Droit au respect de la vie privée et familiale ; non-reconnaissance prolongée du lien de filiation entre un enfant né d’une gestation pour autrui à l’étranger et le père d’intention partenaire enregistré du père génétique. L’absence en droit suisse, jusqu’au 1er janvier 2018, de modes alternatifs de reconnaissance de l’enfant né d’une gestation pour autrui a violé le droit à la vie privée de l’enfant concerné. Violation de l’art. 8 CEDH niée pour les parents.

Droit au respect de la vie privée et familiale. Le refus d’autoriser l’épouse du père génétique d’adopter des enfants nés à l’étranger d’une gestation pour autrui, malgré l’absence d’autres possibilités de faire reconnaître une relation de filiation légale, a entraîné une violation du droit au respect de la vie privée des enfants, mais non de celle de la mère d’intention. En revanche, compte tenu de l’absence d’obstacle à la jouissance de la vie familiale des enfants avec l’épouse de leur père génétique, qui avait obtenu l’autorité parentale conjointe mais pas l’adoption, une violation du droit au respect de la vie familiale a été niée.

Droit au respect de la vie privée ; rejet de la demande d’une veuve tendant à ce qu’elle soit fécondée à l’aide du sperme congelé de son époux décédé, au motif que le droit interne n’autorise ce mode d’insémination que pour les couples et entre vifs. En l’absence de consensus européen clair, l’Etat défendeur disposait d’une large marge d’appréciation. Les droits découlant de l’art. 8 CEDH n’obligent pas les Etats contractants à autoriser la fécondation artificielle post-mortem. Violation de l’art. 8 CEDH niée.

Pour qu’une reconnaissance de paternité étrangère soit valablement reconnue en Suisse, il suffit que celle-ci soit valable quant au fond et à la forme selon l’ordre juridique de la résidence habituelle, du domicile ou de la nationalité de l’enfant, ou selon l’ordre juridique national de la mère ou du père (art. 72 al. 1 et 73 al. 1 LDIP). La reconnaissance de paternité ne peut pas être reconnue – et donc inscrite à l’état civil en vertu de l’art. 32 LDIP – si elle est manifestement incompatible avec l’ordre public suisse.
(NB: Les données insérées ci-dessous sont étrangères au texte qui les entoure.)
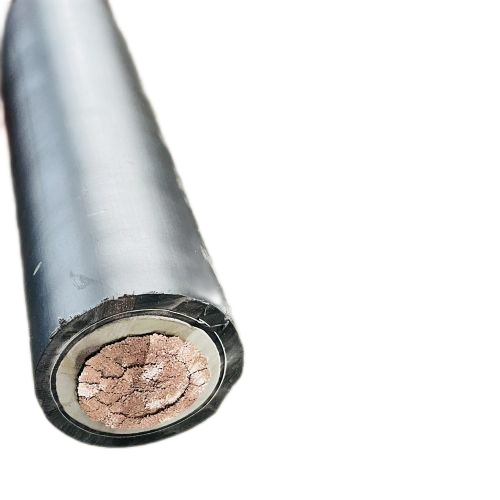 J9����|����վ����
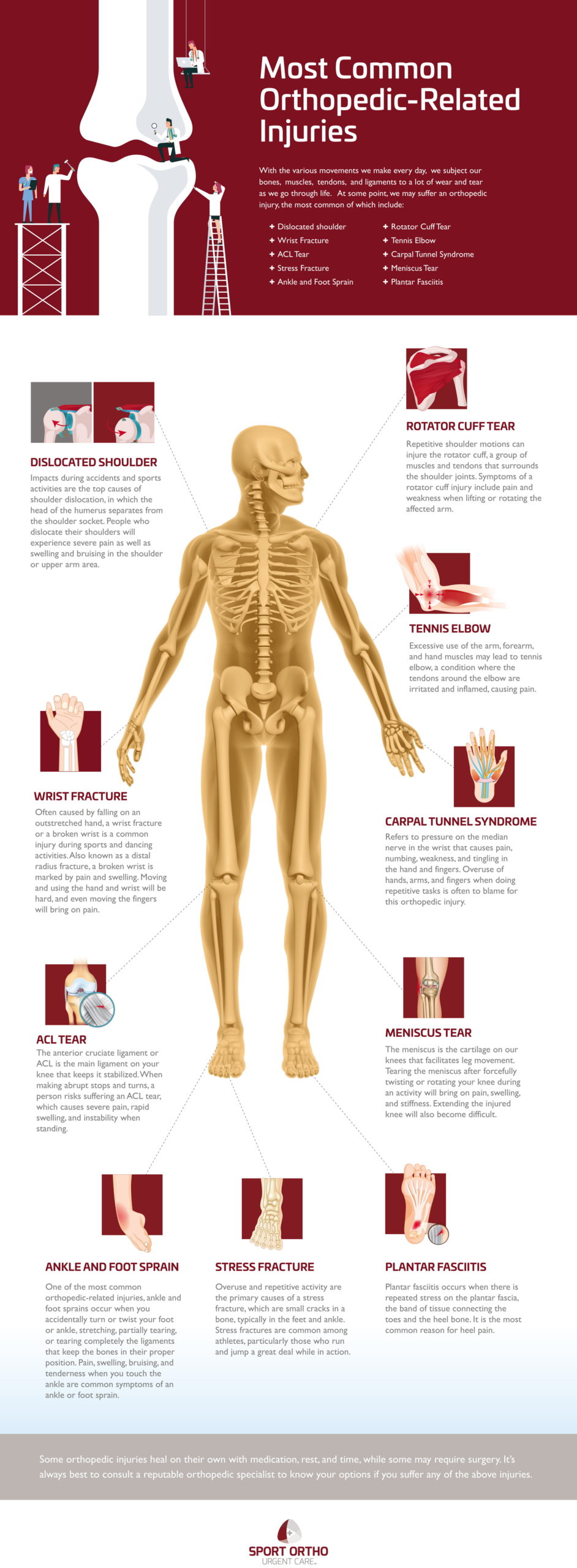 Most Common OrthopedicRelated Injuries PTandMe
Pour retenir une violation de l’ordre public, il ne suffit pas que la solution adoptée à l’étranger diffère de celle prévue par le droit suisse ou qu’elle soit inconnue en Suisse. Cette clause d’exception s’applique uniquement au regard de la validité de la reconnaissance de paternité, respectivement au regard du droit étranger la rendant valide. Sous réserve des cas où un lien de paternité existe déjà, les possibilités élargies de reconnaître la paternité ne contreviennent généralement pas à l’ordre public suisse, car celui-ci poursuit l’objectif de conférer aux enfants né·es hors mariage le même statut qu’aux enfants né·es de parents mariés.